Conditions d’agrément d’un contrôleur et qualifications initiales

 L’extrait du casier judiciaire B2 du contrôleur ne doit faire apparaître aucune condamnation. Le contrôleur doit être rattaché obligatoirement à un centre de contrôle technique de véhicules légers agréé et salarié d'un opérateur agréé.

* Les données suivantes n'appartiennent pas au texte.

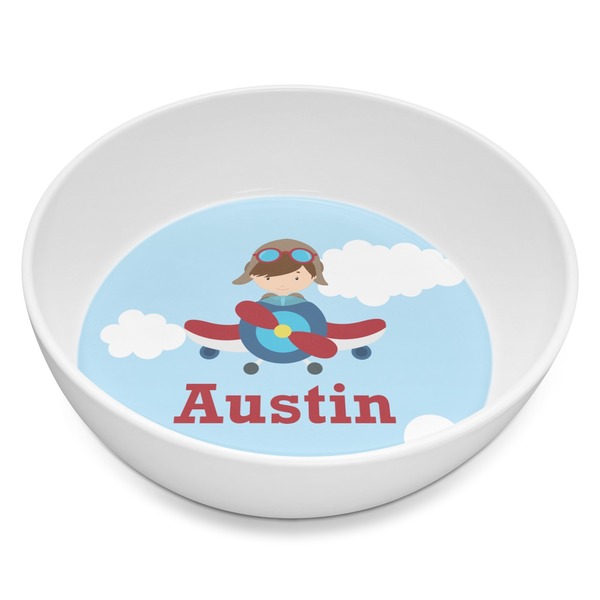 Custom Airplane & Pilot Melamine Bowl - 8 oz (Personalized)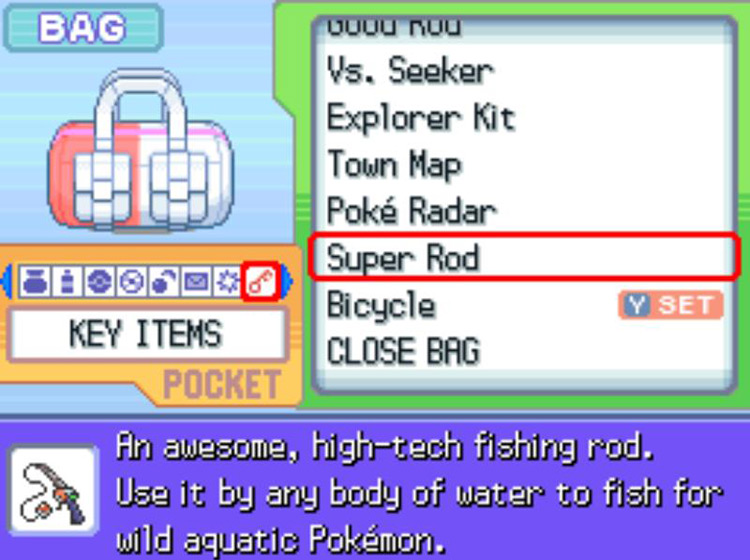 The in-game description of the Super Rod. / Pokémon Platinum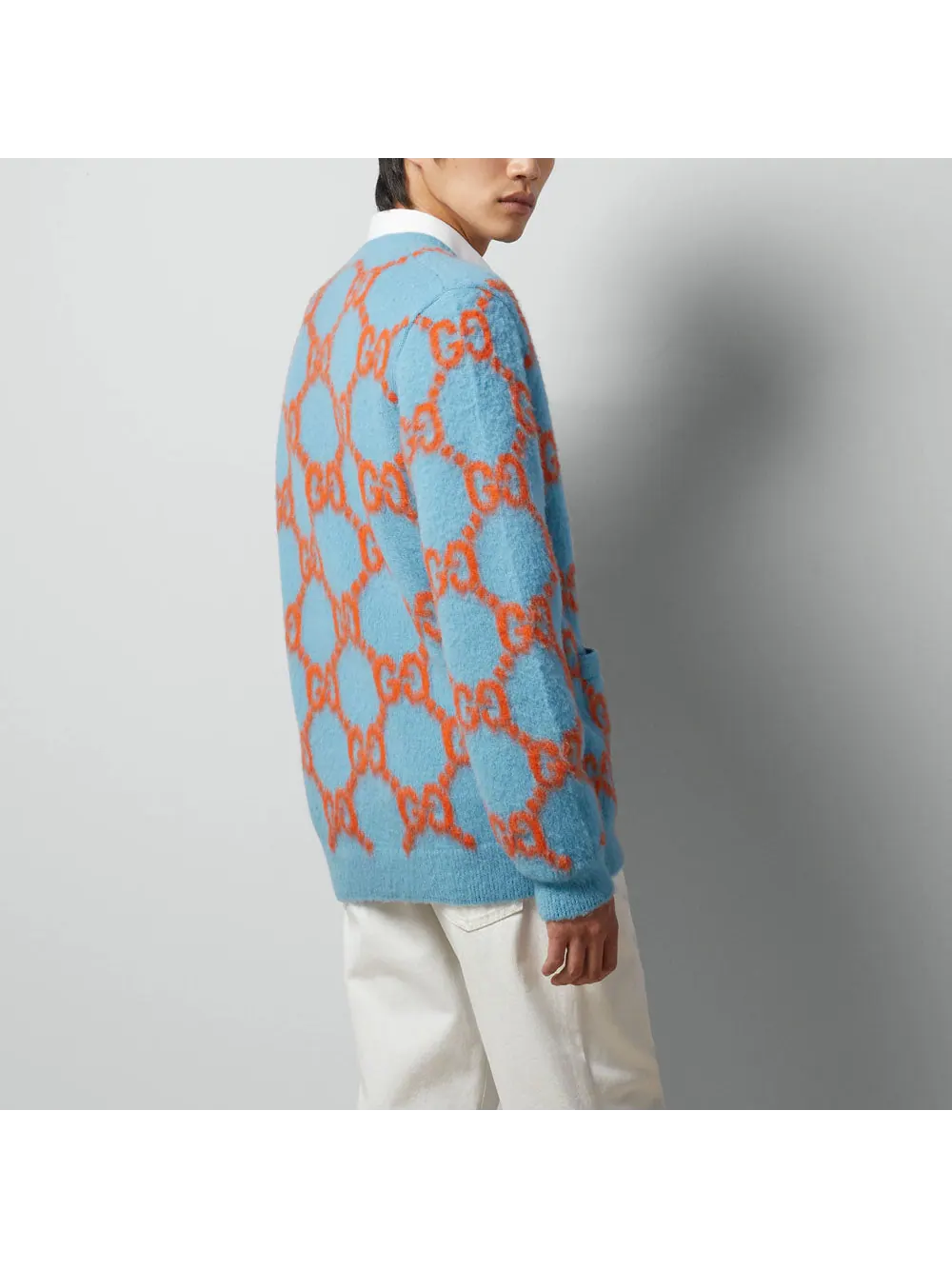 Кардиган Gucci Wool Cardigan With GG Intarsia 'Light Blue Orange' — изображение 4 из 7, синий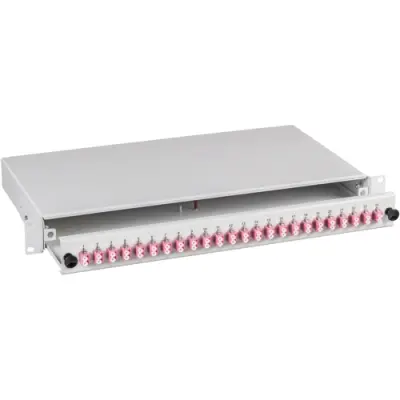 FO splice box, 24 x 9/125 OS2, 12 x LC duplex, (W x H x D) 483 x 44.5 x 244 mm, black, BA71921TS.24 - 1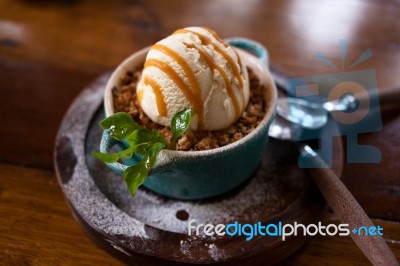 Apple Crumble Dessert With Ice Cream Stock Photo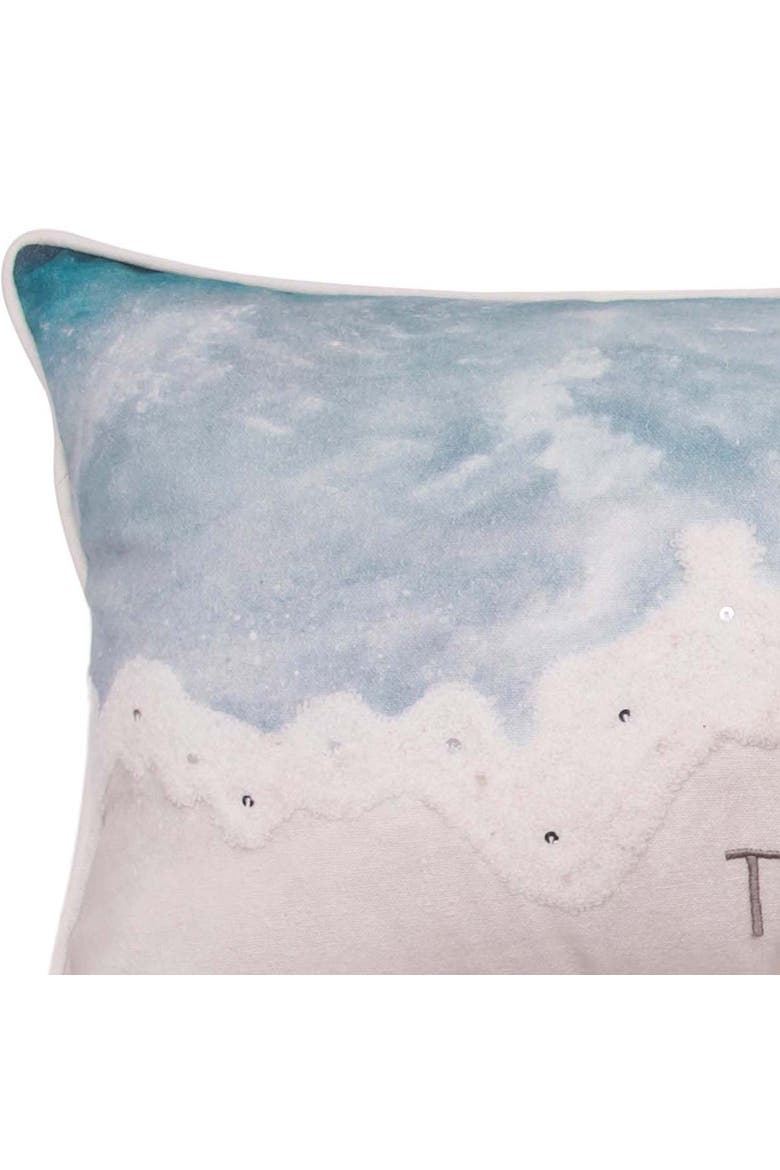 Take Me To The Ocean Phrase Cotton Blend Accent Pillow 12" x 24", Alternate, color, Blue
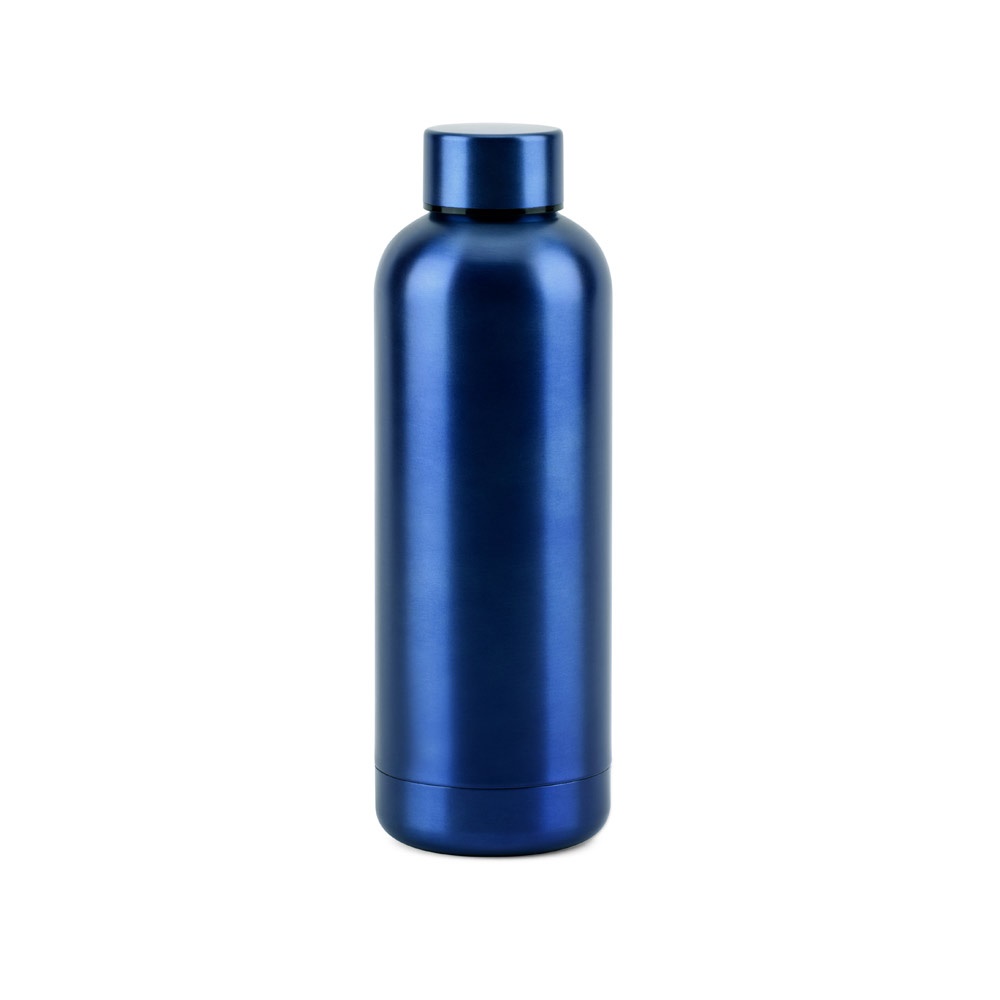 Garrafa térmica 550 ml em aço inox 90% reciclado metalizada personalizada com a logo da empresa, na cor azul marinho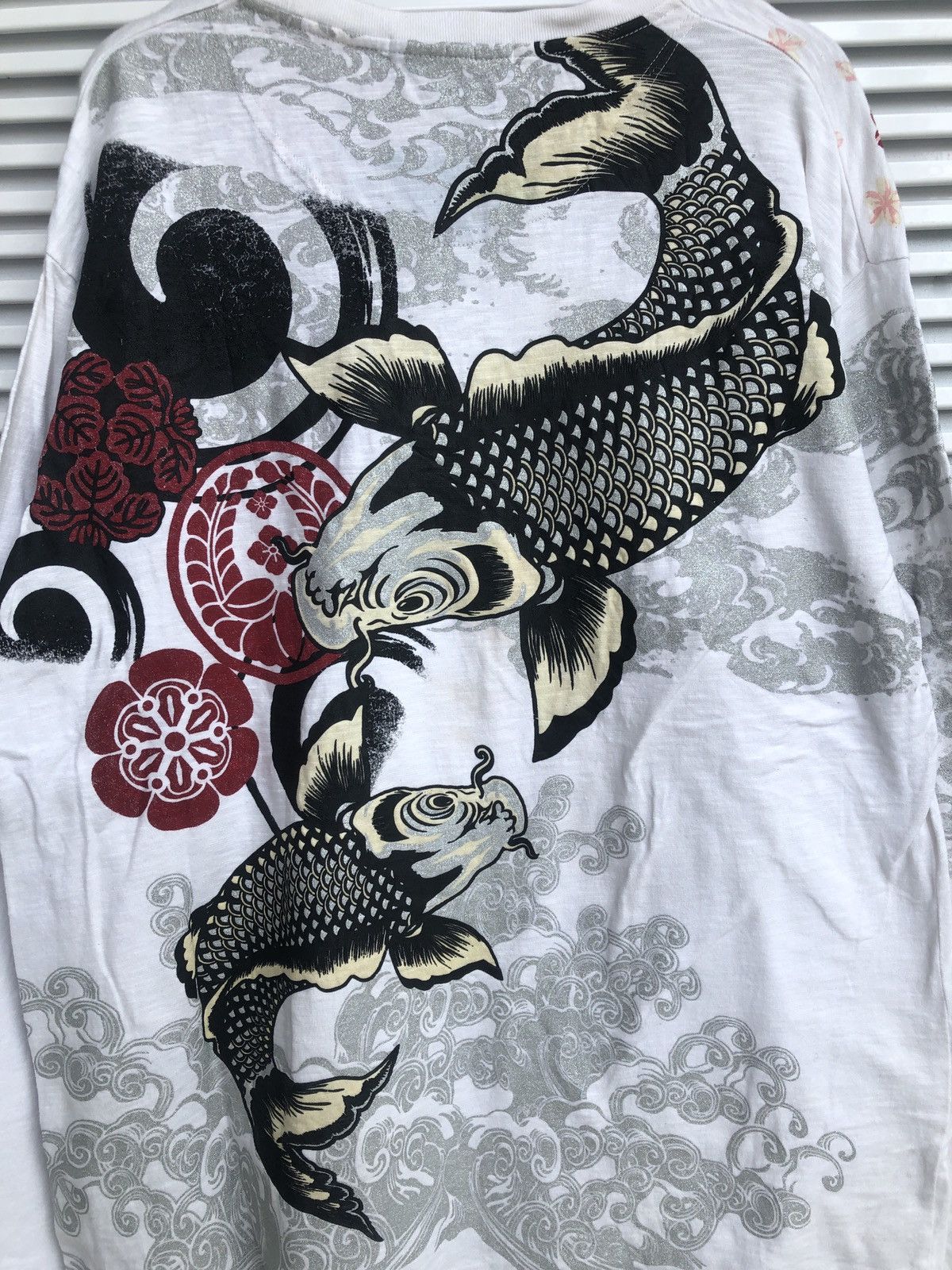Japanese Brand Vintage Koi Fish Sukajan Longsleeve / HystericEvisu Style Size US XL / EU 56 / 4 - 4 Thumbnail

 Le contrôleur doit, en outre, posséder l’une des qualifications prévues (Cf. Annexe IV de l'arrêté du 18 juin 1991 modifié) et ne doit pas exercer d’activité de commerce ou de réparation automobile.

Synthèse

  • un diplôme de niveau IV du ministère de l’éducation nationale (baccalauréat professionnel maintenance des véhicules option voitures particulières ou baccalauréat professionnel maintenance des véhicules option véhicules industriels ou véhicules de transport routier) ou un diplôme équivalent au regard du Répertoire National des Certifications Professionnelles (RNCP)  et une formation constituée d’une partie théorique en centre de formation d’au minimum 245 heures et d’une partie pratique en centre spécialisé d’au minimum 70 heures.

  • un diplôme de niveau III du ministère de l’éducation nationale (diplôme d’expert en automobile ou brevet de technicien supérieur après-vente automobile option véhicules particuliers ou brevet de technicien supérieur après-vente automobile option véhicules industriels) ou un diplôme équivalent vis-à-vis du Répertoire National des Certifications Professionnelles (RNCP) et une formation constituée d’une partie théorique en centre de formation d’au minimum 245 heures et d’une partie pratique en centre spécialisé d’au minimum 70 heures.

  • Un CQP (certificat de qualification professionnelle) ou un titre professionnel de contrôleur technique automobile.

Qualifications acquises dans un autre Etat membre de la Communauté européenne

Pour les personnes disposant d’une qualification acquise dans un autre Etat membre de la Communauté européenne ou dans un Etat partie à l’accord sur l’Espace économique européen, les dispositions sont décrites au § A.3 de l’annexe IV de l’arrêté du 18 juin 1991 modifié.

Dossier de demande d’agrément du contrôleur.

Tous les exemplaires du dossier de demande d’agrément doivent être déposés auprès de la préfecture du lieu d’implantation du centre de rattachement. Le contenu du dossier de demande d’agrément et le nombre d’exemplaires sont précisés au chapitre I de l’annexe VII de l’arrêté du 18 juin 1991 modifié.

Qui agrée un contrôleur ?

L’agrément du contrôleur est délivré par le préfet du département du lieu d’implantation de son centre de contrôle de rattachement.

Durée de l’agrément d’un contrôleur

Les dispositions relatives au maintien de qualification des contrôleurs sont définies au § B de l'annexe IV de l'arrêté du 18 juin 1991 modifié.

L’agrément n’a pas de durée de validité.

Synthèse sur le maintien de qualifcation :

  • une formation complémentaire d'au moins 20 heures par année civile,

  • un audit favorable tous les 2 ans,

  • au minimum 300 contrôles techniques périodiques par année civile. Ce nombre est porté à 220 lorsque le contrôleur est également agréé pour le contrôle des véhicules lourds.

Cet agrément peut être retiré ou suspendu, par le préfet, si les conditions imposées lors de son agrément ne sont plus respectées ou s’il est constaté un manquement aux règles fixant l’activité de contrôleur.

Surveillance administrative des contrôleurs :

La surveillance administrative des centres de contrôle est assurée, en fonction des régions administratives, par la Direction Régionale et interdépartementale de l'Environnement et de l'Energie (DRIEE) en lle de France, la Direction régionale de l'environnement, de l'aménagement et du logement (DREAL), ou la Direction l'environnement, de l'aménagement et du logement (DEAL), agissant pour le compte du ministre chargé des transports, sous l'autorité des préfets.